Sorry, I’m not intending to shit on the thread (I hate when people do that) but I think Wonderfalls would’ve become walking dead before too long, and I think the little we did get will be remembered fondly.
On a positive note, I still watch Undeclared regularly, and I still think it’s a fantastic show, and I really can’t understand why it wasn’t continued. Stuff like Firefly or Greg the Bunny or Veronica Mars I can understand not catching on, but Undeclared? It was hilarious, it was fairly mainstream in its setting and style, it had a talented & attractive cast, and it never really got too goofy for its own good (though Will Ferrell and Adam Sandler’s assistant came close). What the hell went wrong?

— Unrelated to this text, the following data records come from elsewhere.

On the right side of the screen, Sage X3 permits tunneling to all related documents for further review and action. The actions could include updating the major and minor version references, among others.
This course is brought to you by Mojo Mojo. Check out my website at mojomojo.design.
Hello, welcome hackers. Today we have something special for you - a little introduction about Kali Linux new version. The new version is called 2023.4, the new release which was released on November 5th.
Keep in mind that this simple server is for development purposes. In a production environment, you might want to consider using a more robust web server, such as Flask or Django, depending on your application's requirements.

How short is short-lived? Are we talking less than a season? Because I will never forgive ABC for canceling Sports Night, CBS for giving **Joan of Arcadia ** the axe, and NBC for not letting **Studio 60 ** get its legs (and it appears I might have to hate the peacock network for letting Journeyman sail off into the distance too.
**Arrested Development ** and **Veronica Mars ** both got three seasons and hideous ratings. I loved both shows, but there’s only so much support the network can give.

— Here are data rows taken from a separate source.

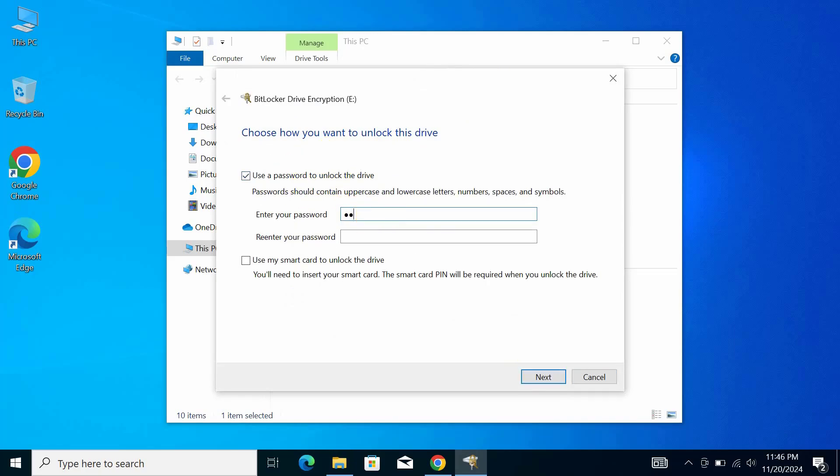Enter a password minimum 8 characters, confirm it by retyping the same password, and click Next.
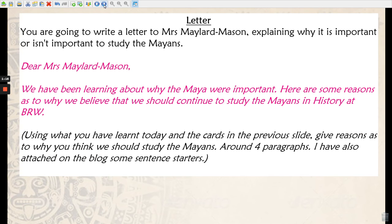Finally, now you've had a look at the Mayans and which aspects made them successful, you're going to write a letter to Mrs Maylon Mason explaining why it's important to study the Mayans. Start with: 'Dear Mrs Maylon Mason, we have been learning about why the Maya were important. Here are some reasons as to why we believe we should continue studying the Mayans in history at BLW.' Then use those cards and what you've learned to write about four paragraphs convincing Mrs Maylon Mason why we should study the Mayans. On the blog I've included some sentence starters and a success criteria to help write your letter.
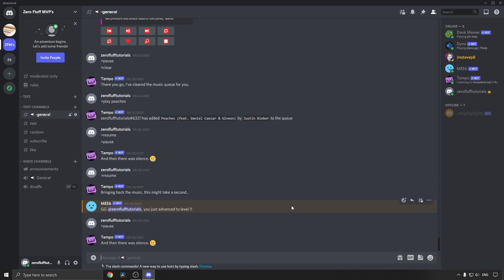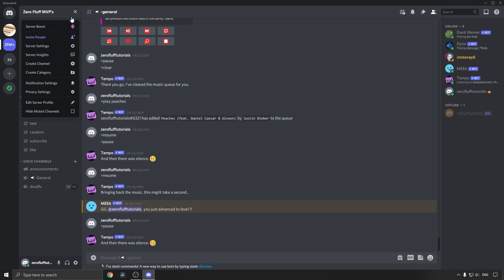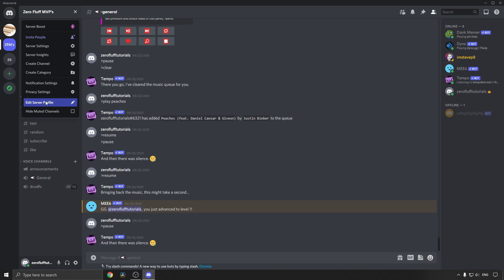If you want to change the way you look in a Discord server, go into the server where you want to change that. Then at the top where the server name is and the drop down arrow, click on the drop down arrow and then click on edit server profile.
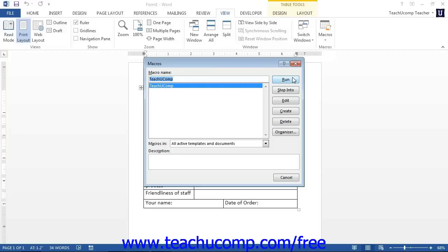You can also delete macros that you no longer want or need to use using this dialog box. To delete a macro, select the name of the macro from the list and then click the Delete button.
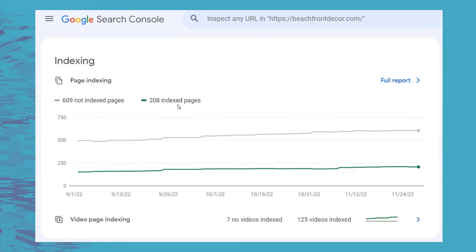You can also see indexed pages. This is a separate website — some statistics about the indexed pages. There are 609 not-indexed pages; sometimes these are things like media files and different things like that. There are 208 indexed pages. So you can see your total index page statistics here, as well as video page indexing. This will also tell you if you have any issues with pages getting indexed, such as being blocked by a robots file or some other issue that Google is having indexing your website.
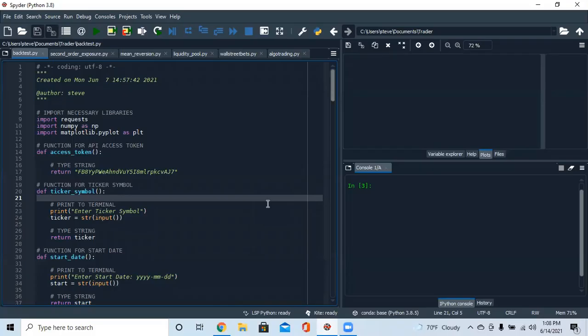This is our first trading bot and it's going to be a six-part series. We're going to build a few trading bots in a few different languages — back-testing and live trading — so people have an understanding of how to use the Tradier API and how they can implement their own ideas. Before you implement any algorithm you should back-test it, unless you're crazy and just want to go in blind.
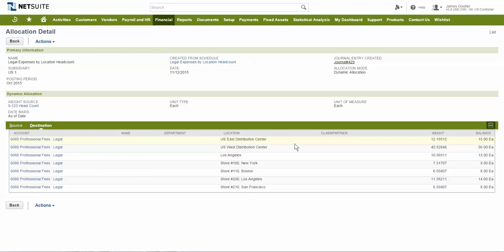Using statistical accounts for expense allocation is both easy to do with NetSuite and provides great financial reporting benefits because it allows for the generation of a more accurate P&L at the dimension level.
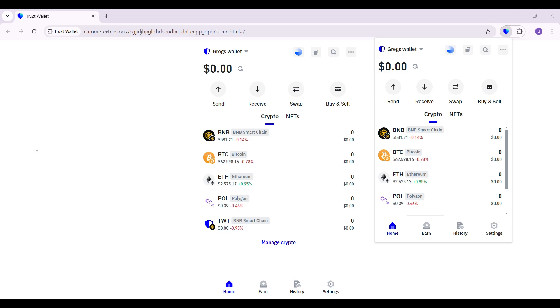Well, as you can see, I have already installed the Trust Wallet extension in my Google Chrome. You can also do this from your mobile application as well.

**Burn Notice ** is on USA, is pretty much their highest rated original show, and is coming back for a second season, so I don’t know what you’re talking about there.
**Brisco County ** got huge, huge promotion but nobody watched, while its companion show, which everybody thought at the time was too weird to survive, was a little program called The X-Files. FOX kept Brisco on in the same time slot, had it air its entire season, and the show right after it was a hit while it wasn’t. Again, I liked the show, but FOX did what a network is supposed to do.
The OP is “unjustly short-lived series”. In my mind, every example I gave should’ve lived longer than they did. That doesn’t necessarily mean every episode was Foxed (killed maliciously, as I feel *Firefly *was), but that the show just didn’t last as long as I feel it should’ve.